L'influence du cinéma de David Cronenberg, grand cinéaste du corps et de ses mutations, est évidente. Poison Ivy, dans le prologue, perd sa peau verte mais conserve les stigmates de son précédent état, comme des croutes, des veines, des tiges, des petites feuilles qui persistent à apparaître sur son épiderme. C'est une créature en pleine évolution, avec sa part d'étrangeté mais plus humaine, plus passe-partout. D'ailleurs, elle n'apparaît plus dans un costume de super-vilaine, ce monokini vert qui a fait sa gloire : elle porte une combinaison de jardinière verte, sous laquelle on voit un maillot de corps noir. Sa longue chevelure rousse n'est plus surplombée d'une couronne de feuilles non plus mais attachée en une queue de cheval. Takara, comme Wilson semblent avoir voulu débarrasser le personnage de ses oripeaux, du folklore comics pour, là encore, que le lecteur ne soit pas déconcentré et voit la femme avant la méta-humaine.

En revanche, lorsque Jason Woodrue apparaît, d'abord de manière cauchemardesque et fugace dans des moments dont on ne sait s'ils sont des songes ou réels, puis lors du combat contre Ivy, son apparence est monstrueuse, effrayante, imposante.

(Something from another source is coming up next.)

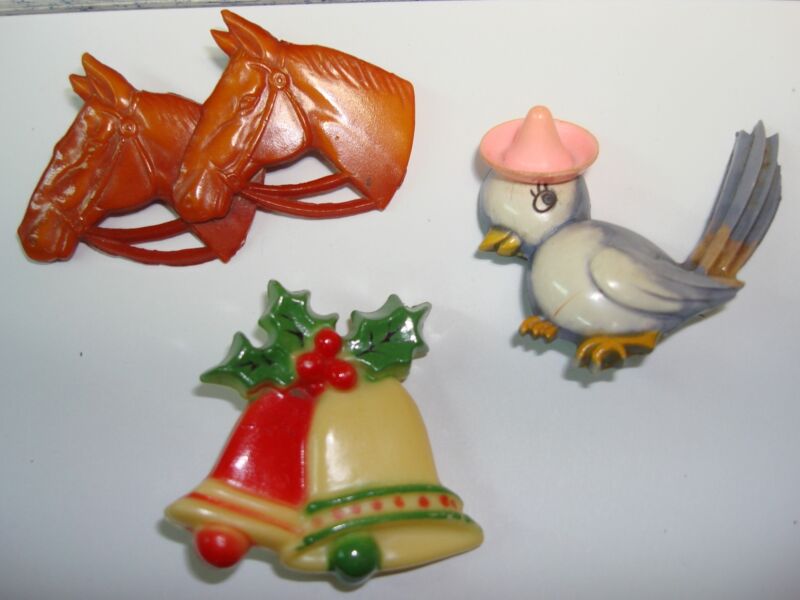 Vintage celluloid pins from the 1930s-40s, including a Hallmark Christmas pin, a horse heads pin, and a Bluebird of Happiness pin.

Son gabarit surpasse celui de Ivy et sa puissance paraît sans égale, ce qui contribue à créer un suspense très convaincant quant à l'issue de la bataille.

Tout au long du road-trip de Ivy, elle croise des humains ordinaires, des femmes qui la renvoient à ce qu'elle a été, est ou va devenir, comme Jenny la fugitive dans le diner, Carrie l'hôtelière, ou Jesslyn dans l'entrepôt d'empaquetage. Ces rencontres vont la troubler profondément et progressivement, sans que Wilson n'oublie Harley Quinn, omniprésente en pensée pour Ivy. Une scène troublante voit même Ivy coucher et faire l'amour avec Jesslyn et Takara cadre cette étreinte hors-champ, ne projetant que l'ombre des deux corps des deux femmes sur un mur auquel est adossée Harley, observant tout ça avec un sourire ravi (ou crispé ?) aux lèvres.

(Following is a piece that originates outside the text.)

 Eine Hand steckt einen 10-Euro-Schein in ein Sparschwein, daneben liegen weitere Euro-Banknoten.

Notons que sur les épisodes 5 et 6, Takara reçoit le renfort de Brian Level : leurs styles ne se ressemblent pas mais chacun s'aligne sur le scénario et le mix ne dépareille pas (même si, pour part, je préfère Takara).

J'espère, enfin, que Urban conservera les bonus du hardcover dans lequel on trouve toutes les recherches de Marcio Takara pour les différents looks de Poison Ivy au cours de ces six épisodes, notamment quand elle déchaîne ses pouvoirs. On voit que l'artiste s'est vraiment investi dans la série et n'est pas arrivé dessus simplement pour illustrer le script.

Bref, que vous choisissiez dès à présent de vous procurer l'album en vo ou d'attendre mi-Août pour la vf, notez cet achat pour votre panier. Poison Ivy est vraiment une série singulière et captivante, superbement écrite et dessinée.